A task is similar to a basic block, except at a much higher abstraction level. A task 
is a serial piece of code (i.e., series of basic blocks) that is terminated by one of the 
fundamental parallel programming constructs, such as acquiring or releasing a 
synchronization variable, or creating a new thread. A task is comprised of the code that 
runs on a thread. Each task contains information to answer three questions: what code 
ran, what memory addresses were accessed, and what other tasks depended on this one. 
The first two questions are answered by a list of chronologically ordered ct_action 
structures that describe a list of basic blocks executed or memory operations performed, 
either via a sequence of loads and stores or grouped into a memory transfer operation. 
The chronological ordering of events within a task is guaranteed because the events occur 
sequentially in one logical program thread. 
 29 
Table 2 – Parallel programming synchronization primitives 
Contech Pthreads Cilk OpenMP 




Join pthread_join Cilk_sync omp taskwait 
Sync pthread_mutex Cilk_lock omp critical 
Barrier pthread_barrier (implicit) (implicit) 
 
The explicit information presented in the task graph besides a task’s contents are 
the graph edges between tasks. These edges designate execution dependencies between 
tasks. The task graph has several special tasks, exemplified by table 2, which are distinct 
from the tasks discussed so far [2]. These special tasks correspond to the synchronization 
primitives discussed earlier, i.e. TASK_CREATE, TASK_JOIN, SYNC_ACQUIRE, 
SYNC_RELEASE, and BARRIER_WAIT. The purpose of having these special tasks is to 
be able reason about the successor and predecessor tasks separately from regular tasks. 
The special tasks form special ordering constraints among tasks. A simple example is 
TASK_CREATE: in the graph, a task entering a special TASK_CREATE task will then be 
split into two tasks. A more complicated example is the special task of BARRIER_WAIT. 
When a program contains a barrier for multiple threads, the corresponding tasks will have 
their successors be a single BARRIER_WAIT task, and the successors of the 
BARRIER_WAIT are all tasks that can then begin to execute once the necessary number 
of threads arrive at the barrier. There is a generalized statement that can be made about 
one or more tasks connected together: a task cannot begin execution until all of its 
predecessors have completed execution. One interesting corollary of this is that this 
property is transitive. Since a task graph is a partial ordering of tasks, a partial order’s 
property of transitivity can be applied here. For some chain of tasks, it can safely be said 
 30 
which tasks can happen before others. If A’s successor is B and B’s successor is C then A 
and C have a ordering between them. The goal in designing the task graph layout was to 
capture a program trace that would enable reasoning about which pieces of work can or 
cannot execute in parallel, while striving to be free from hardware specific information. 

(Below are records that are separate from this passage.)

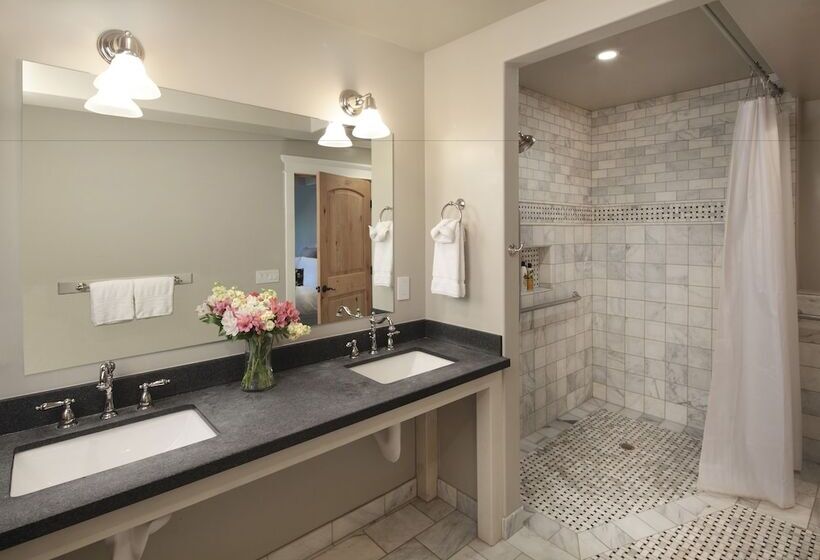 غرفة تنفيذية, Calderwood Inn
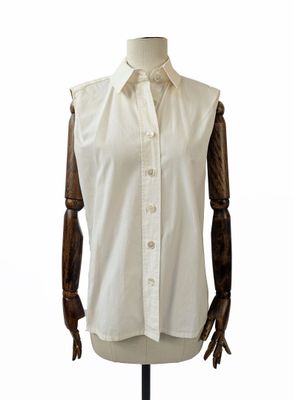 chemise blanche sans manches sur une tête de mannequin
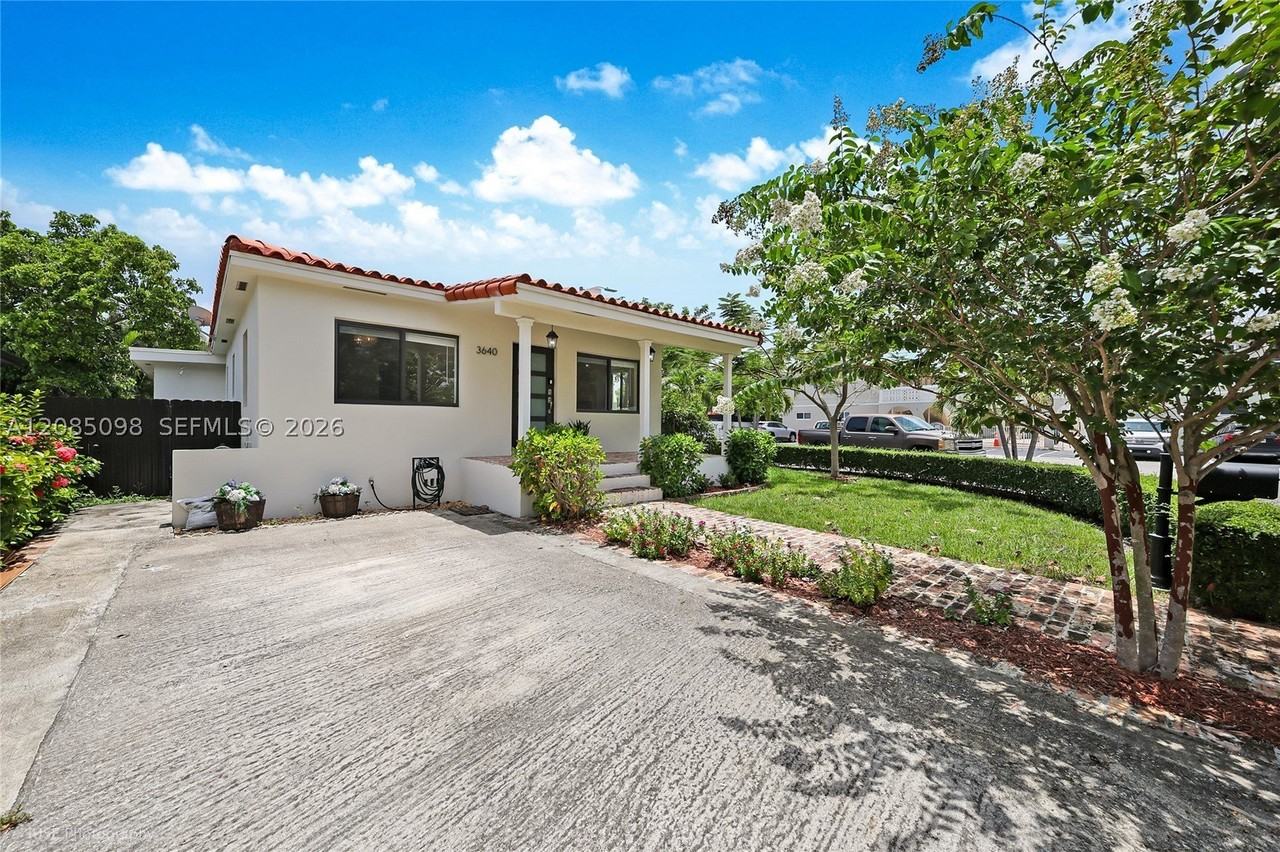 3640 Sw 11th St - Photo 2 of 15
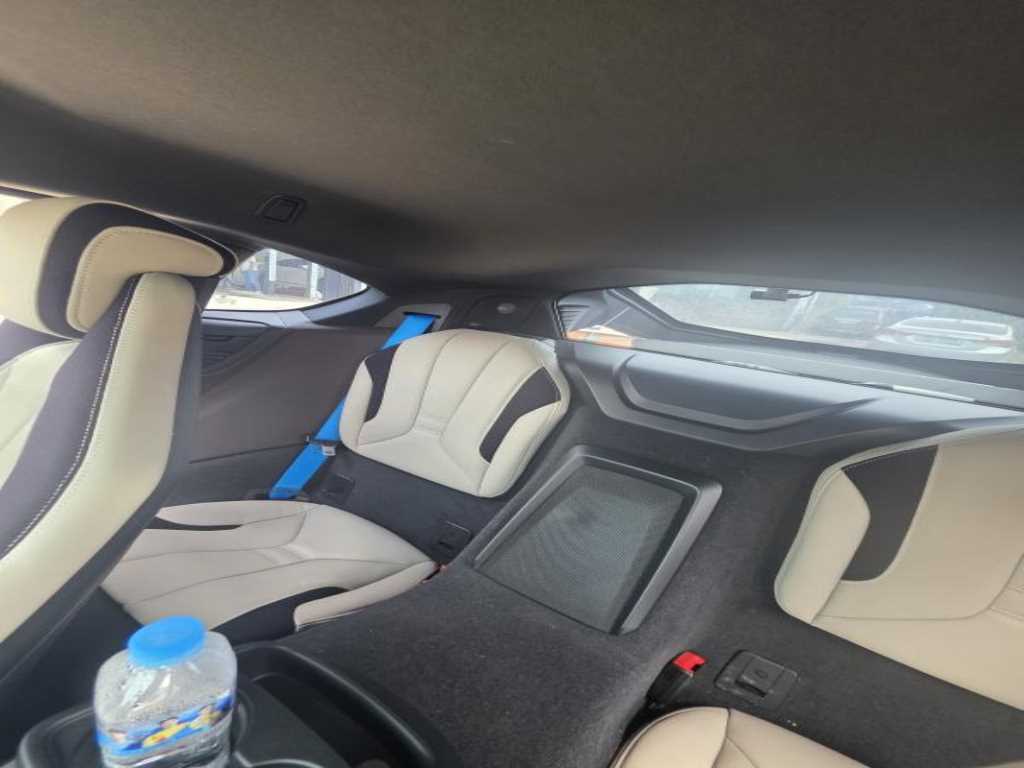 BMW i8 - Vista 5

Once a trace is collected, all the information necessary to analyze program behavior 
offline is read. 
The middle layer receives as input the event file, as it was output by running the 
instrumented user program. During initialization, one key data structure allocated is a list 
of tasks per thread. Events are bucketized into the appropriate task list and coalesced to 
form tasks. Since the event list is a chronological partial ordering, this property is also 
carried forth into the task graph. After one of the synchronization primitives is 
encountered, it signals that all the events pertaining to a certain task have been processed 
and that a new task may be started. These special events take on special meaning in the 
middle layer as well. After a TASK_CREATE event is encountered, it brings up the 
question of whether the event belongs to the parent task or the newly spawned child task. 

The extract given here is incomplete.